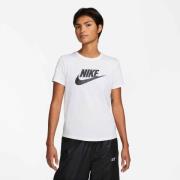 Nike T-skjorte NSW Essentials - Hvit/Svart Kvinner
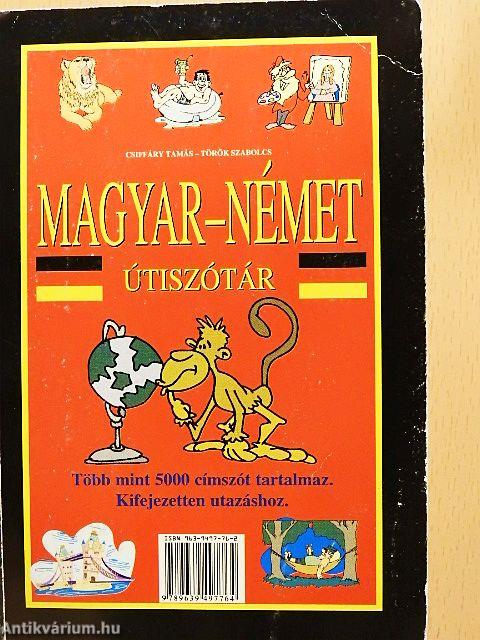 Magyar-német/Német-magyar útiszótár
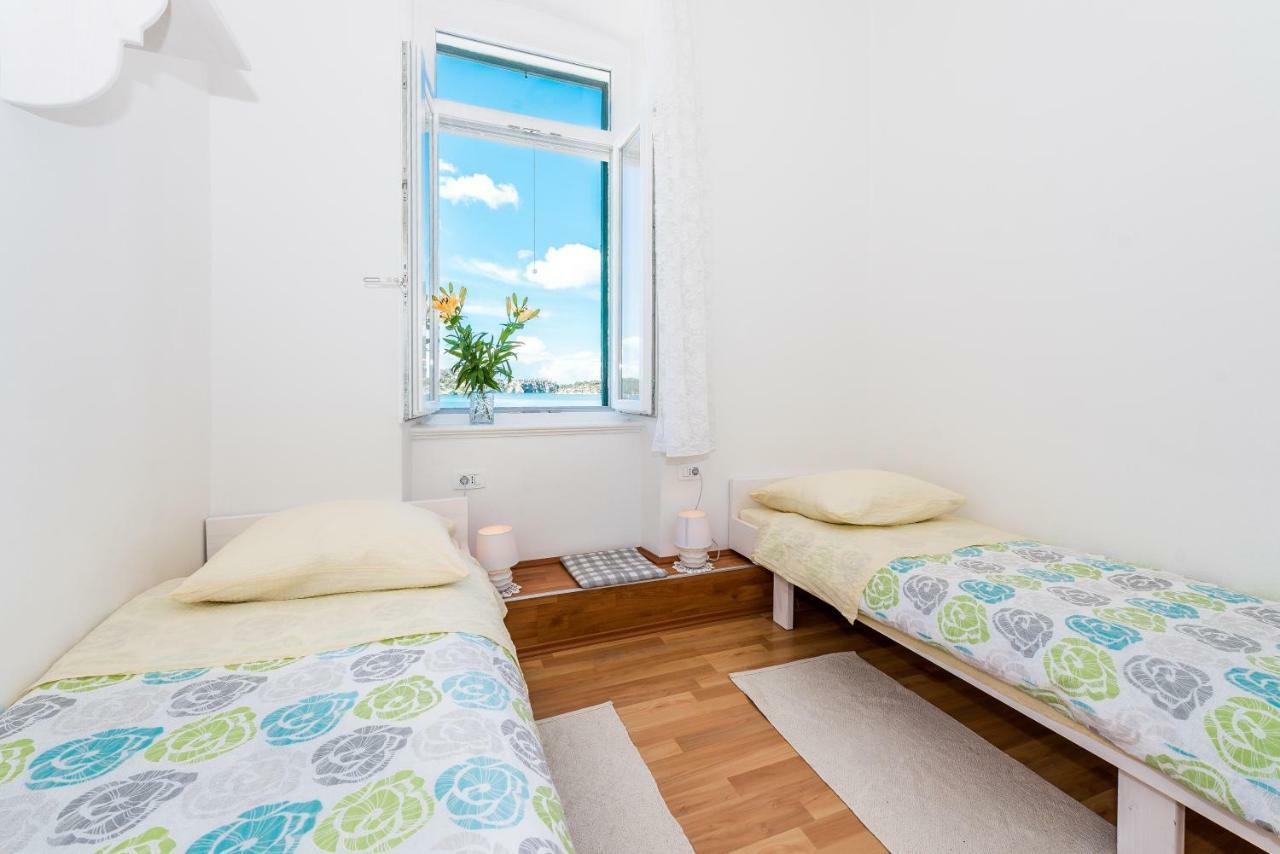 Standard Zweibettzimmer mit Meerblick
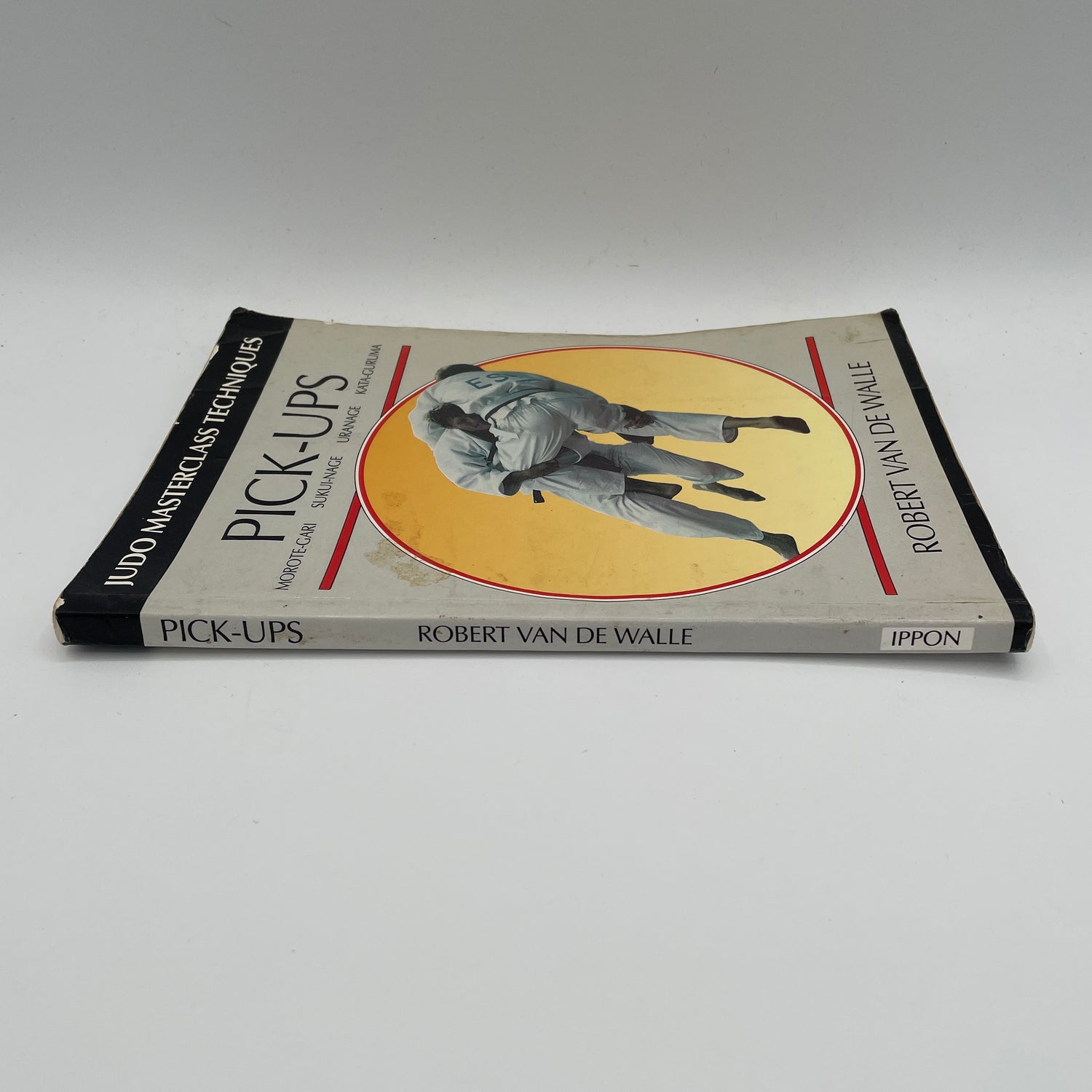 Pick Ups: Judo Masterclass Book by Robert Van De Walle (1st Edition) (Preowned)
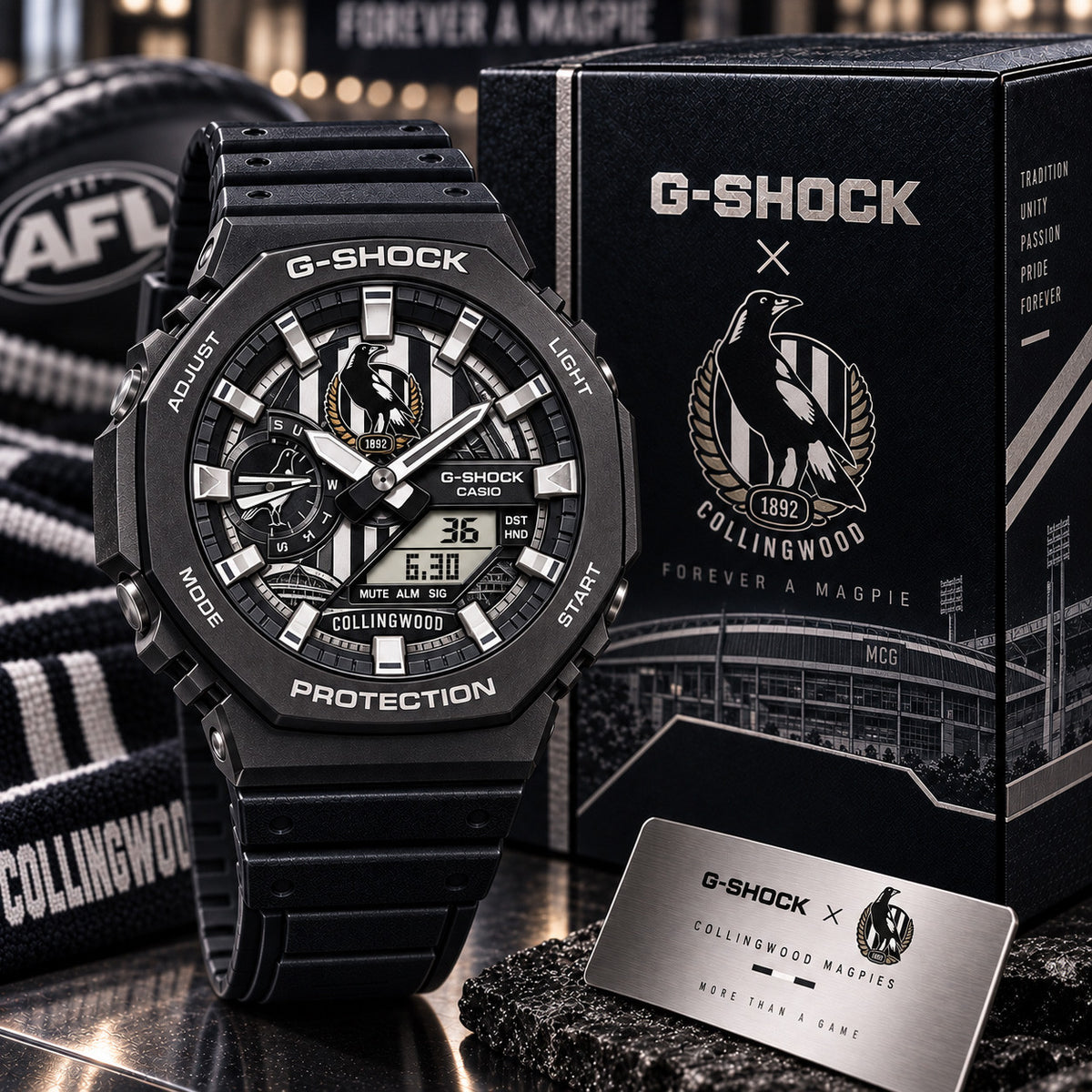 CMW Premium Dial Collector Watch PDL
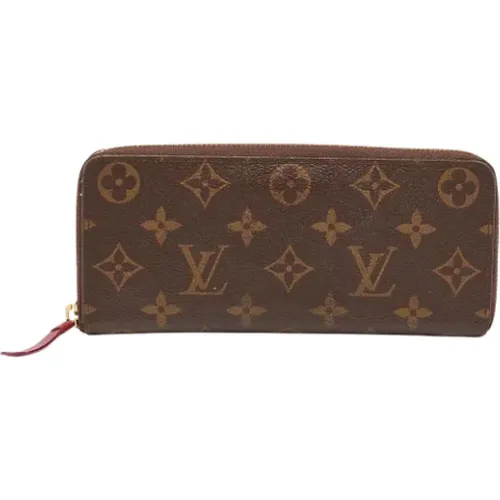 Pre-owned Coated canvas wallets , female, Sizes: ONE SIZE - Louis Vuitton Vintage - Modalova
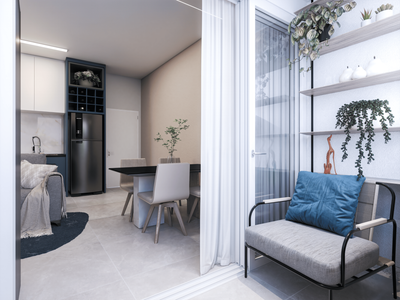 Apartamento, 2 quartos, 62 m² - Foto 3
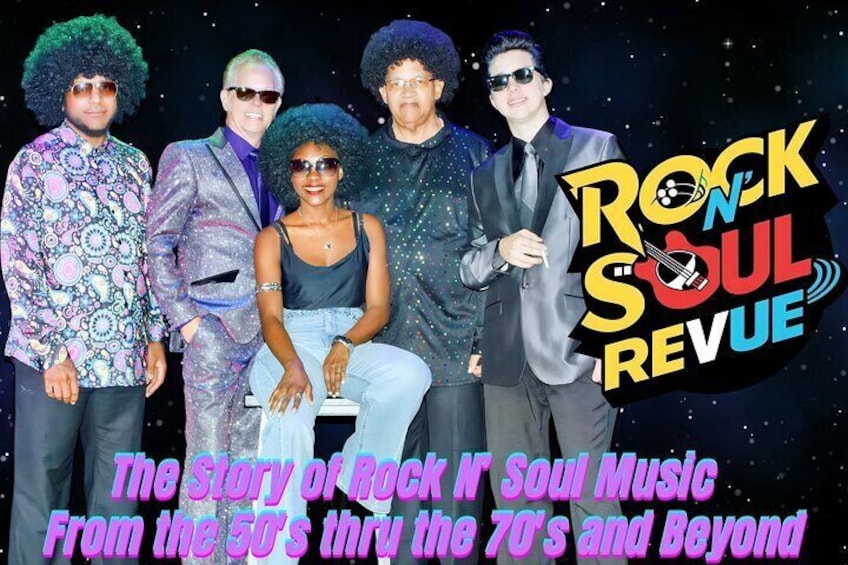 Rock N Soul Ultimate Live Show in Myrtle Beach
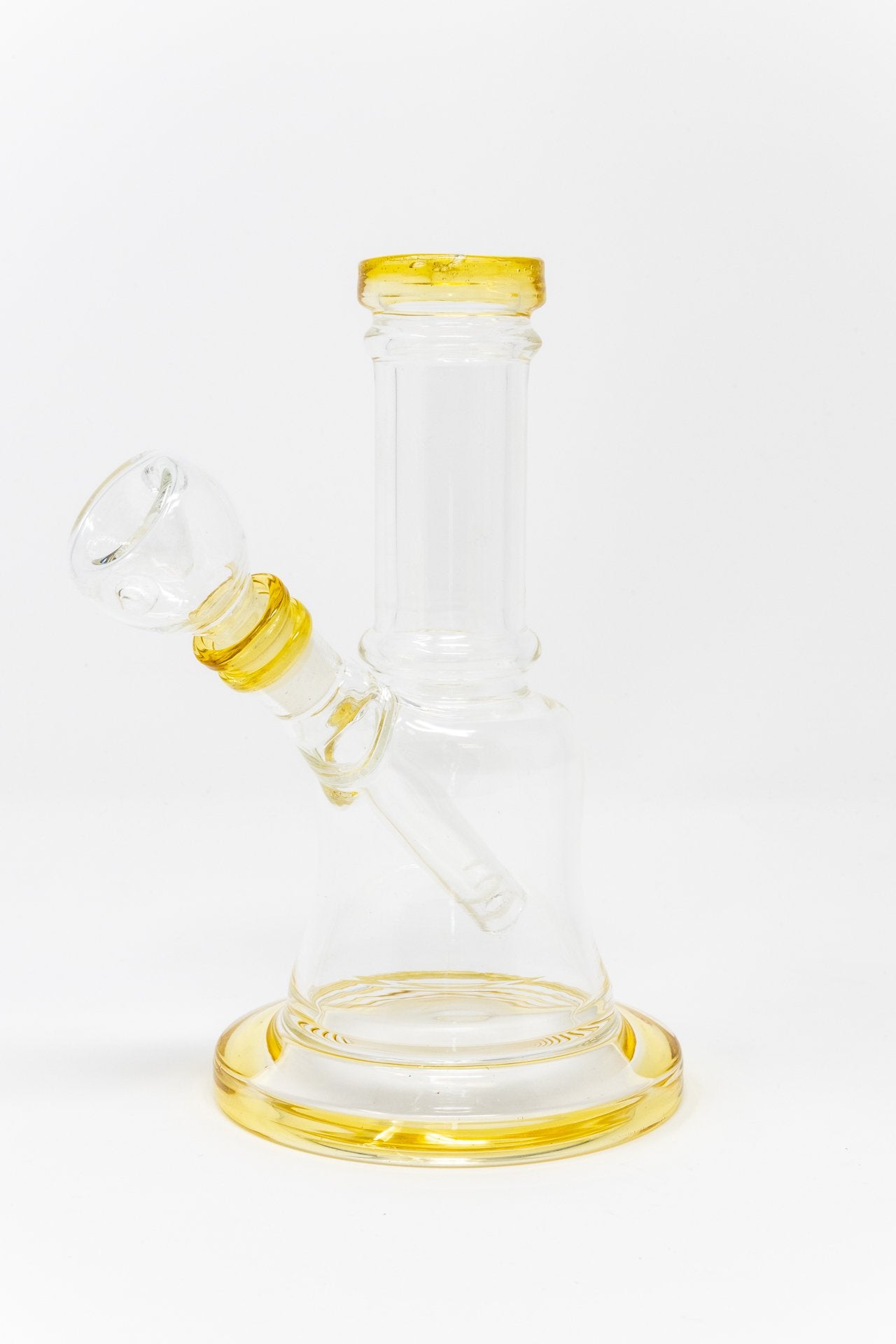 Beige 6" Bell Shaped Bong StonedGenie.com Bong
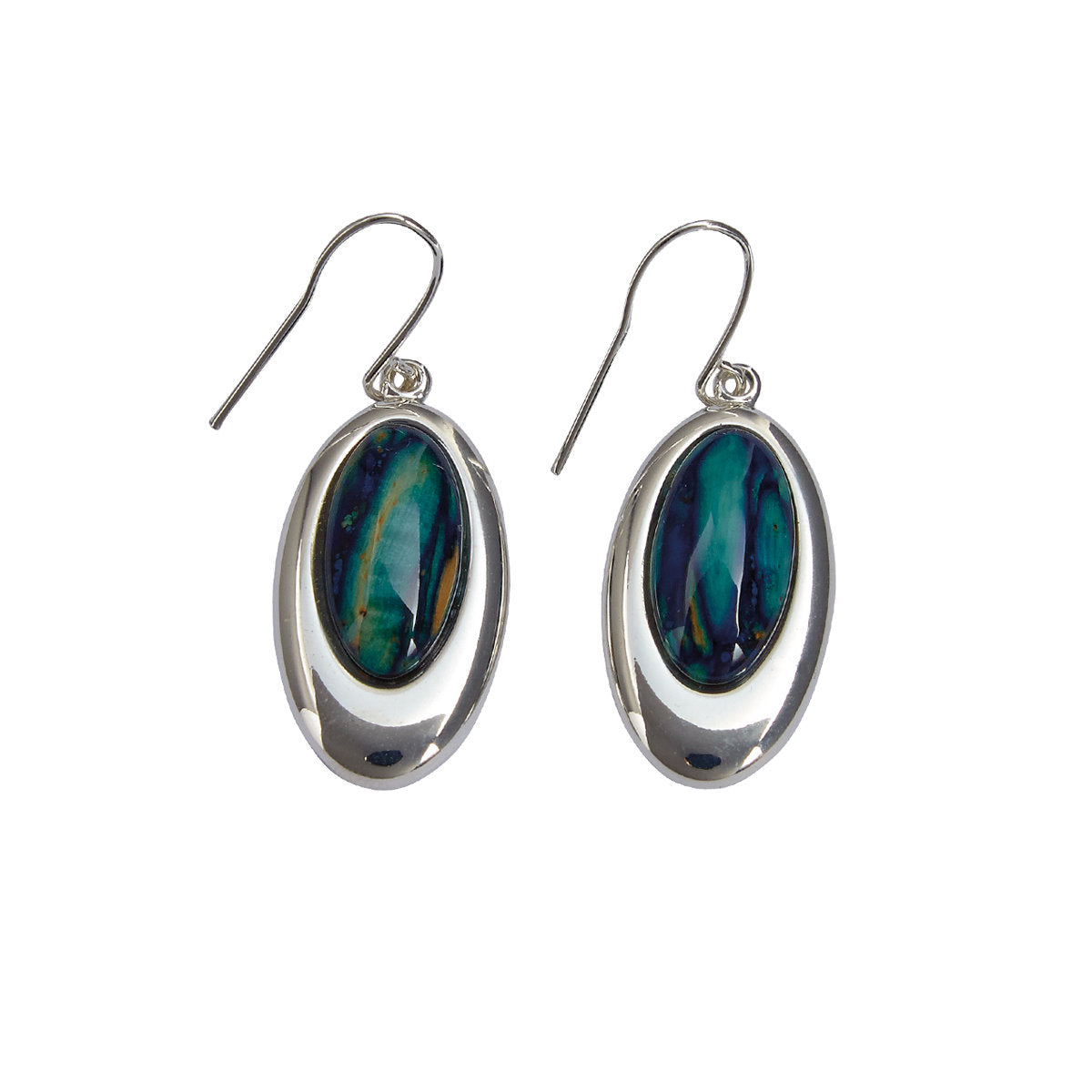 Heathergem Oval Drop Earrings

----

→ **Required action**: Retype word for word all the material given above, and keep the pictures out.

→ **Task output**:
 Nike T-skjorte NSW Essentials - Hvit/Svart Kvinner
 Magyar-német/Német-magyar útiszótár
 Standard Zweibettzimmer mit Meerblick
 Pick Ups: Judo Masterclass Book by Robert Van De Walle (1st Edition) (Preowned)
 CMW Premium Dial Collector Watch PDL
 Pre-owned Coated canvas wallets , female, Sizes: ONE SIZE - Louis Vuitton Vintage - Modalova
 Apartamento, 2 quartos, 62 m² - Foto 3
 Rock N Soul Ultimate Live Show in Myrtle Beach
 Beige 6" Bell Shaped Bong StonedGenie.com Bong
 Heathergem Oval Drop Earrings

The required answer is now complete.